# 02 - Intersect, Align, and Scale (TCGA ↔ METABRIC)

**Goal:** Put TCGA (logCPM) and METABRIC (microarray) on the **same gene space** and a **comparable scale** for cross-cohort modeling.  
**Inputs:**  
- `data_proc/tcga_expr_logcpm.parquet`  
- `data_proc/tcga_labels.tsv`  
- `data_proc/metabric_expr_raw.parquet`   
- `data_proc/metabric_labels.tsv`

**Outputs (to be created):**  
- `data_proc/aligned/tcga_expr_aligned.parquet`  
- `data_proc/aligned/metabric_expr_aligned.parquet`  
- `data_proc/aligned/scaler_tcga_stats.json` (if z-scoring)  
- `data_proc/aligned/tcga_expr_z.parquet`, `data_proc/aligned/metabric_expr_z.parquet` (when we scale)

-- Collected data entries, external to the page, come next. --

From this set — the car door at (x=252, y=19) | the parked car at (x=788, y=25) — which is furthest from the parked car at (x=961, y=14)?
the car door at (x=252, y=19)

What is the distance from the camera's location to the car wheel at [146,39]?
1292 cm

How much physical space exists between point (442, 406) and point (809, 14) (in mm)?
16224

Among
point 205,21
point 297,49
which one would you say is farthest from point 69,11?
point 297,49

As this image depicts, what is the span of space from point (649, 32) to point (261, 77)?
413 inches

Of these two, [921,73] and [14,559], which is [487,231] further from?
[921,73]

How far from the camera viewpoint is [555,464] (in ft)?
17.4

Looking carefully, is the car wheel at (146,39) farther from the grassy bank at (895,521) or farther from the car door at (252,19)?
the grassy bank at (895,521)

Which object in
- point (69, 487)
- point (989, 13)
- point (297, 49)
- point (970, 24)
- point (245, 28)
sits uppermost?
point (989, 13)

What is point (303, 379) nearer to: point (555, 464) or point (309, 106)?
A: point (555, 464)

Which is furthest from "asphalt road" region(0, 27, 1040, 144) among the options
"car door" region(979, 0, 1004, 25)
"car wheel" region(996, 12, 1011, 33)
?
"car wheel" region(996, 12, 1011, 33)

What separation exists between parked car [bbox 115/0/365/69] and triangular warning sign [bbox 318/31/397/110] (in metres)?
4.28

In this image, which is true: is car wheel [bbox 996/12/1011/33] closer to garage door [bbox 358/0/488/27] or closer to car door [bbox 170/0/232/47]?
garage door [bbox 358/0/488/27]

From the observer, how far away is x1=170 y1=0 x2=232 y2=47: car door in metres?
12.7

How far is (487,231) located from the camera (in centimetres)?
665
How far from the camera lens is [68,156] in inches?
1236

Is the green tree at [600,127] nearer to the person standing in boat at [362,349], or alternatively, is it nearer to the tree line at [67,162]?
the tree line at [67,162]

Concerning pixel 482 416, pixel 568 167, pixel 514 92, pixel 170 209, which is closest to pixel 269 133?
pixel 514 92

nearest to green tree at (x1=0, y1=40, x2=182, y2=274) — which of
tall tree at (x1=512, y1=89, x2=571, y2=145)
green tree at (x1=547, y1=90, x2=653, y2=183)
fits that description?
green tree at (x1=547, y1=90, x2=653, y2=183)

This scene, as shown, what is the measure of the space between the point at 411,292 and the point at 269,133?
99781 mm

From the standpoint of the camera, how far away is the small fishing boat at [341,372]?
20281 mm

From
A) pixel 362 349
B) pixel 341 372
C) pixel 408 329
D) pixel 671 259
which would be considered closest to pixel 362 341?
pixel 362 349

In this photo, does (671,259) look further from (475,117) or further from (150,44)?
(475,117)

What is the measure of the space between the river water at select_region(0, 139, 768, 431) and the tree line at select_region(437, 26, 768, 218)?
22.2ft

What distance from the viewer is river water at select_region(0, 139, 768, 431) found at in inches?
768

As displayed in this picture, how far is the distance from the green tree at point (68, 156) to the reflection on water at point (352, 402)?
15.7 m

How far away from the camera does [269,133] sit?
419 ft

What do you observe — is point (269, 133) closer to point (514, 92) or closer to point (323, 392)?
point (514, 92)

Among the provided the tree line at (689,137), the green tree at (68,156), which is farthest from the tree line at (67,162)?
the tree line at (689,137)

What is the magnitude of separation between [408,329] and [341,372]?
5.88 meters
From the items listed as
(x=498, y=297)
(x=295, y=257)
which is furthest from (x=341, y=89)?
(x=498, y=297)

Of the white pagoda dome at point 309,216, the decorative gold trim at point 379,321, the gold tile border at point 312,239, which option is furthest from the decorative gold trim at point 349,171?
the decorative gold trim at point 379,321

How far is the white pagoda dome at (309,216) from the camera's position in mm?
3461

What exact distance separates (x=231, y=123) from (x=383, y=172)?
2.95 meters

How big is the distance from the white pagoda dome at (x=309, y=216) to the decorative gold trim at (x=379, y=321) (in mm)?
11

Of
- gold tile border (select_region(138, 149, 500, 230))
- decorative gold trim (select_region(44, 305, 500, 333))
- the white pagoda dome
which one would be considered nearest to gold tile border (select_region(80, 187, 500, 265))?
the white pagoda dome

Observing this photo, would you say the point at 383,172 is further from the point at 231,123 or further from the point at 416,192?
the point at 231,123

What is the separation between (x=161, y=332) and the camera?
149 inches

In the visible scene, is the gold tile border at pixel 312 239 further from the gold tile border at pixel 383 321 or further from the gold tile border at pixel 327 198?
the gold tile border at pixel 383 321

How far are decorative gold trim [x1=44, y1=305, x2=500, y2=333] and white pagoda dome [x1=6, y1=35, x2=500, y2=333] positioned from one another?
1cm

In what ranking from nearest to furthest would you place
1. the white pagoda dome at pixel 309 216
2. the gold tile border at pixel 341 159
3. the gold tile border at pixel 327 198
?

**Provenance:** Conda env `tcga-brca-survival-project` | Date: <fill> | Author: <`Amith Murikinati`>

In [3]:
#core
import os, json, sys, math, time, gc
from pathlib import Path

#data stack
import numpy as np
import pandas as pd

# display options (clean tables)
pd.set_option("display.width", 160)
pd.set_option("display.max_columns", 50)

# reproducibility (used later for splits/models)
SEED = 42
rng = np.random.default_rng(SEED)

print("Python:", sys.version.split()[0])
print("Pandas:", pd.__version__)
print("NumPy:", np.__version__)

Python: 3.11.13
Pandas: 2.3.2
NumPy: 2.3.3


In [4]:
# paths relative to repo root
REPO = Path.cwd().parent if Path.cwd().name == "notebooks" else Path.cwd()
DATA_PROC = REPO / "data_proc"
ALIGNED = DATA_PROC / "aligned"
ALIGNED.mkdir(parents=True, exist_ok=True)

# expected inputs
P_TCGA_X = DATA_PROC / "tcga_expr_logcpm.parquet"
P_TCGA_Y = DATA_PROC / "tcga_labels.tsv"

# you may have 'metabric_expr_raw.parquet' -we pick whichever exists
P_MB_X = DATA_PROC / "metabric_expr_raw.parquet"
P_MB_Y = DATA_PROC / "metabric_labels.tsv"

print("Repo:", REPO)
print("Exists TCGA X?:", P_TCGA_X.exists())
print("Exists TCGA Y?:", P_TCGA_Y.exists())
print("Exists METABRIC X?:", P_MB_X.exists(), "->", P_MB_X.name)
print("Exists METABRIC Y?:", P_MB_Y.exists())
print("Aligned out dir:", ALIGNED)

Repo: C:\Users\mailt\Desktop\DSprojects2025\tcga-brca-survival-project
Exists TCGA X?: True
Exists TCGA Y?: True
Exists METABRIC X?: True -> metabric_expr_raw.parquet
Exists METABRIC Y?: True
Aligned out dir: C:\Users\mailt\Desktop\DSprojects2025\tcga-brca-survival-project\data_proc\aligned


In [7]:
#load label tables (small)
tcga_y = pd.read_csv(P_TCGA_Y, sep="\t")
mb_y = pd.read_csv(P_MB_Y, sep="\t")
print("TCGA labels:", tcga_y.shape, "| cols:", tcga_y.columns.tolist())
print("MB labels:", mb_y.shape, "| cols:", mb_y.columns.tolist())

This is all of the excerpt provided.